#### [Task prompt]
Please return every line of the records that contains the word "Shirt".

#### [Input records]
* * *
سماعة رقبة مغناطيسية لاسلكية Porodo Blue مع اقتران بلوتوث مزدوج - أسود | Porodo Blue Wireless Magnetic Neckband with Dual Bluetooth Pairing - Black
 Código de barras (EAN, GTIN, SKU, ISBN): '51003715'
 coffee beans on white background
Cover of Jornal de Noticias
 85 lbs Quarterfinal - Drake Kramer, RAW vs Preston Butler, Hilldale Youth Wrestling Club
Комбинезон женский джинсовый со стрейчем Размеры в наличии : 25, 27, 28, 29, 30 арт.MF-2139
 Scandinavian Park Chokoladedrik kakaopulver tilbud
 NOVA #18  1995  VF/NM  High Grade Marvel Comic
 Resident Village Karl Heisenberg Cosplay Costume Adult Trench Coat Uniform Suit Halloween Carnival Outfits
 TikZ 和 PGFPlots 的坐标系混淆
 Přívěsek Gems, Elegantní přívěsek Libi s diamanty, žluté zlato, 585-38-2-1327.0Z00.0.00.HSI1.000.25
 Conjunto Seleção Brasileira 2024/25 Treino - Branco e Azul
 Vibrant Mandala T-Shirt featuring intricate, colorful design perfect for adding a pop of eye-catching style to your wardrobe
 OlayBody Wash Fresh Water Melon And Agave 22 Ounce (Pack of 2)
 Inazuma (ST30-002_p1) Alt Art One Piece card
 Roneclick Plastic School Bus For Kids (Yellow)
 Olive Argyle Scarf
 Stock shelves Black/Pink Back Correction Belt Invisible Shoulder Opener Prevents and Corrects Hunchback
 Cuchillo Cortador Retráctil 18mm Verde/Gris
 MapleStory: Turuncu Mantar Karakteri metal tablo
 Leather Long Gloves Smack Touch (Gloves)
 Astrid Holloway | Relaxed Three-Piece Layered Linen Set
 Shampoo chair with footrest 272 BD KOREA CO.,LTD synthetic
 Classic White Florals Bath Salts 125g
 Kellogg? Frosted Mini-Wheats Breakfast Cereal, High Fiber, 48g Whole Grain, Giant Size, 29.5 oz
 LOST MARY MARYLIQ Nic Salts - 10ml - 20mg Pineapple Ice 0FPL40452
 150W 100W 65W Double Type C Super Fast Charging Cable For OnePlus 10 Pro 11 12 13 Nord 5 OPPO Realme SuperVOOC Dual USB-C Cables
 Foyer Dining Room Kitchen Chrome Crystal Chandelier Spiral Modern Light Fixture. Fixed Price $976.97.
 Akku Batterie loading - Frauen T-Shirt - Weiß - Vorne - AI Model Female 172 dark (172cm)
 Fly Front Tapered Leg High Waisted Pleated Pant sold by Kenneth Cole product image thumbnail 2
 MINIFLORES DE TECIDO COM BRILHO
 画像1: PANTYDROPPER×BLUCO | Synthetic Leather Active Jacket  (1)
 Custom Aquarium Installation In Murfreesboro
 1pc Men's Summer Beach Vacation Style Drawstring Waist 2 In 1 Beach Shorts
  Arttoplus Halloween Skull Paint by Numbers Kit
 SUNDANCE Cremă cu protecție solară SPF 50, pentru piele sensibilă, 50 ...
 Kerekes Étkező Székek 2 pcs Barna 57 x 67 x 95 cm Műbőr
* * *
#### [Solution]
 Vibrant Mandala T-Shirt featuring intricate, colorful design perfect for adding a pop of eye-catching style to your wardrobe
 Akku Batterie loading - Frauen T-Shirt - Weiß - Vorne - AI Model Female 172 dark (172cm)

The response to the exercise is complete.